Certain countries' economies have experienced substantial growth in, and, in some periods, extremely high rates of, inflation for extended periods of time. Inflation has, and may continue to have, negative effects on the economies of certain of these countries. For example, the risks associated with transactions using local currencies are significantly greater in hyperinflationary economies than in other less inflationary markets.

**Interest Rate Risk.** Infrastructure assets are often highly leveraged and, as a result, are potentially exposed to adverse interest rate movements and increasing cost of debt. In addition, the regulatory regimes governing regulated infrastructure assets typically use prevailing market interest rates in determining the allowed revenue that can be generated from these assets. As a result, revenue fluctuates with interest rate movements. Movements in interest rates may also affect the appropriate discount rate to be used to value a Portfolio Fund's investments, resulting in variations in their valuation, which may affect returns from the Portfolio Fund.

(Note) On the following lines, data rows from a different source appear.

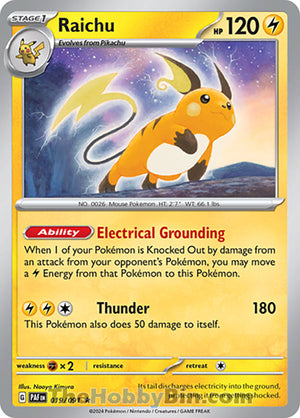 0019 Raichu Rare Paldean Fates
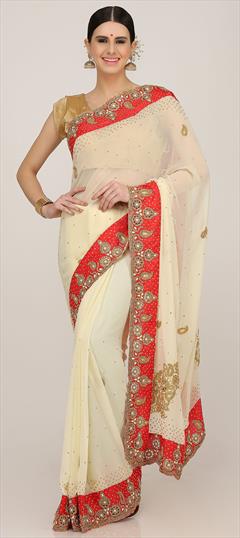 Engagement, Mehendi Sangeet, Wedding Beige and Brown color Saree in Georgette fabric with Classic Cut Dana, Embroidered, Resham, Stone, Thread, Zircon work : 1604147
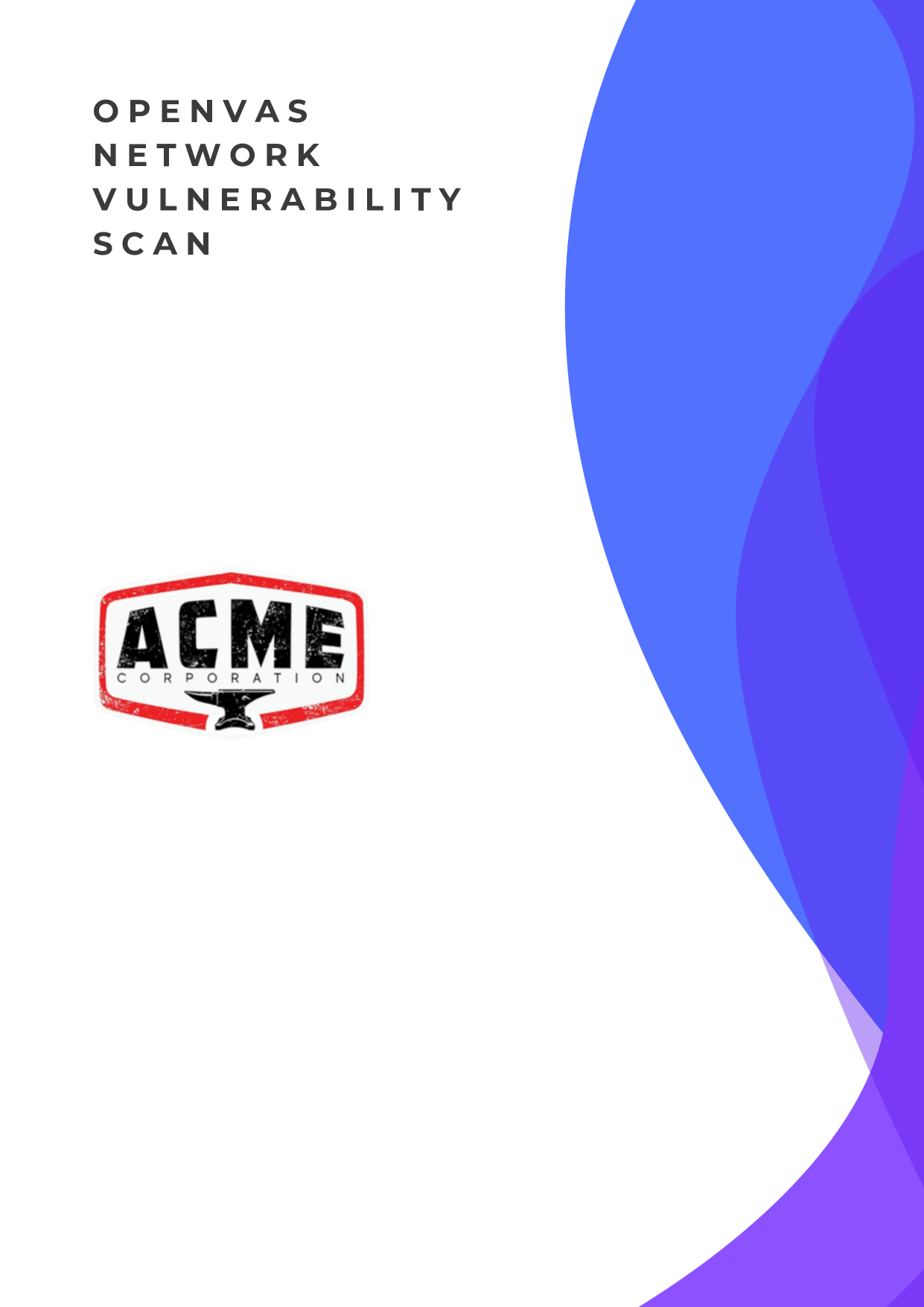 Cover page of a Panoptic Scans OpenVAS network vulnerability scan report, branded with the ACME Corporation logo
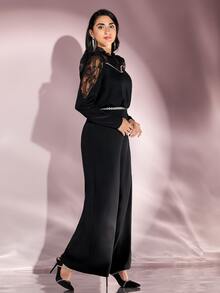 Modelyn Contrast Lace Ruffle Trim Wide Leg Jumpsuit Without Belt - Black - View 3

**Environmental Matters.** Infrastructure assets may be subject to numerous statutes, rules, and regulations relating to environmental protection. Certain statutes, rules, and regulations might require that investments address prior environmental contamination, including soil and groundwater contamination, which results from the spillage of fuel, hazardous materials, or other pollutants. Under various environmental statutes, rules, and regulations, a current or previous owner or operator of real property may be liable for non-compliance with applicable environmental and health and safety requirements and for the costs of investigation, monitoring, removal, or remediation of hazardous materials. These laws often impose liability, whether or not the owner or operator knew of or was responsible for the presence of hazardous materials. The presence of these hazardous materials on a property could also result in personal injury or property damage or similar claims by private parties. Persons who arrange for the disposal or treatment of hazardous materials may also be liable for the costs of removal or remediation of these materials at the disposal or treatment facility, whether or not that facility is or ever was owned or operated by that person. A Portfolio Fund may be exposed to substantial risk of loss from environmental claims arising in respect of its investments, and the loss may exceed the value of such investment. Furthermore, changes in environmental laws or in the environmental condition of an investment by a Portfolio Fund may create liabilities that did not exist at the time of acquisition of an investment and that could not have been foreseen. For example, new environmental regulations may create costly compliance procedures for infrastructure assets.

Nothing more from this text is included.